TASK: Copy the data that appears below exactly. Drop the pictures.

DATA SECTION:
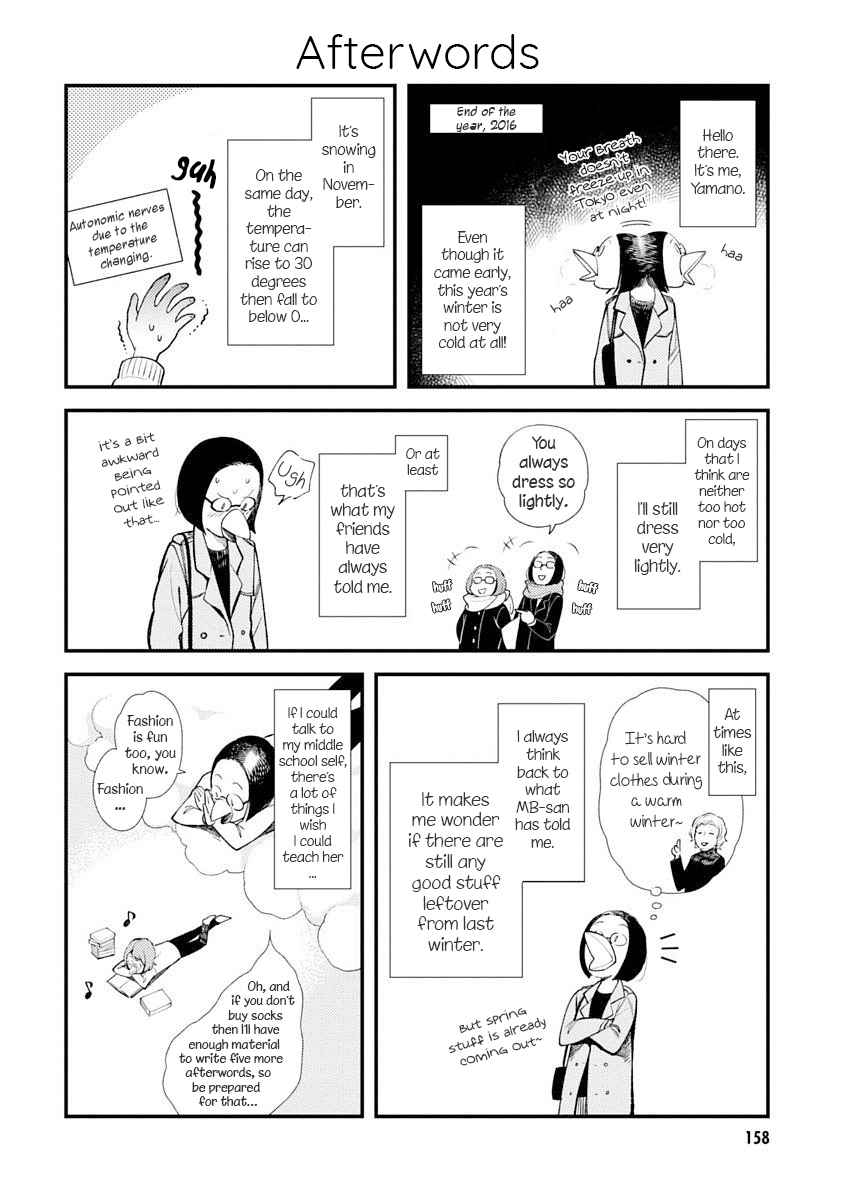 If You're Gonna Dress up, Do It Like This Chap 32.5 - Next Chap 33.5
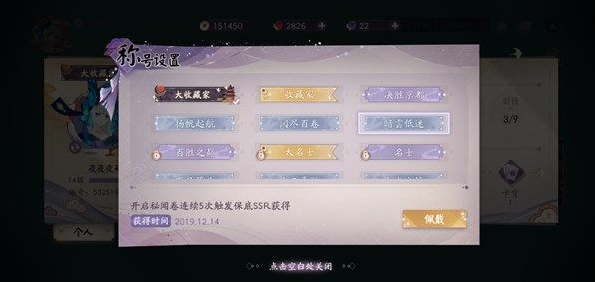 阴阳师百闻牌称号获取攻略 阴阳师百闻牌称号大全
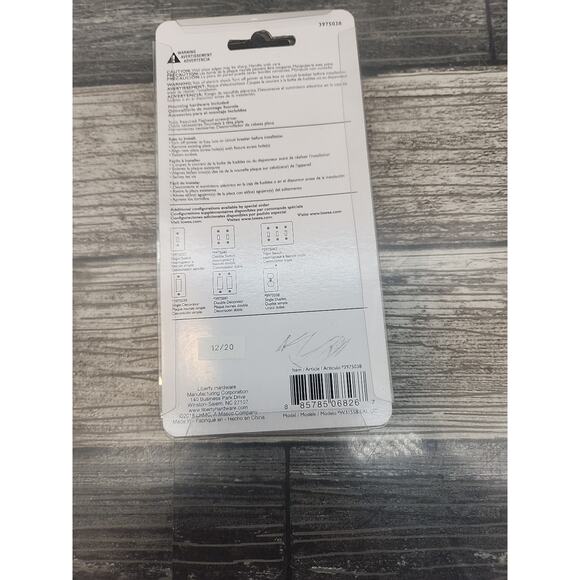 Brainerd Single Duplex Architectural Outlet Cover Light Almond 4Pack [48] - Picture 3 of 10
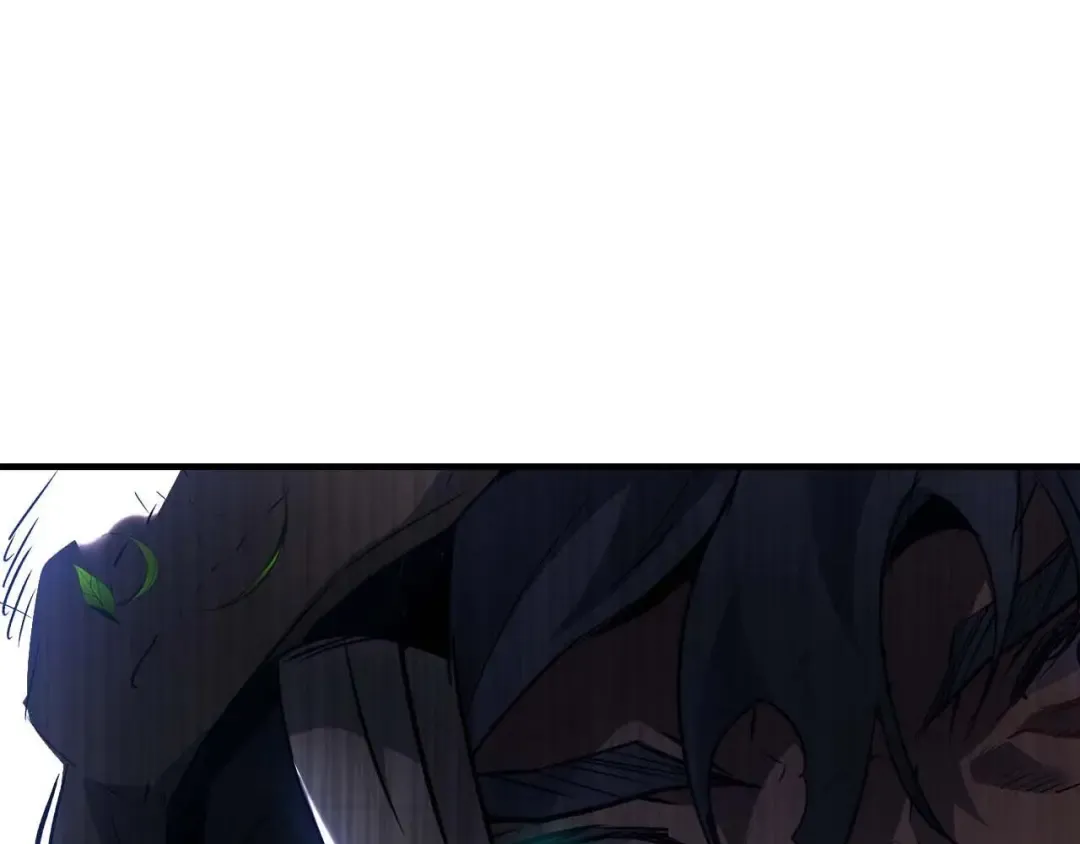 第113话 项链中的记忆 第3页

OUTPUT FOR THIS TASK:
 If You're Gonna Dress up, Do It Like This Chap 32.5 - Next Chap 33.5
 阴阳师百闻牌称号获取攻略 阴阳师百闻牌称号大全
 Brainerd Single Duplex Architectural Outlet Cover Light Almond 4Pack [48] - Picture 3 of 10
 第113话 项链中的记忆 第3页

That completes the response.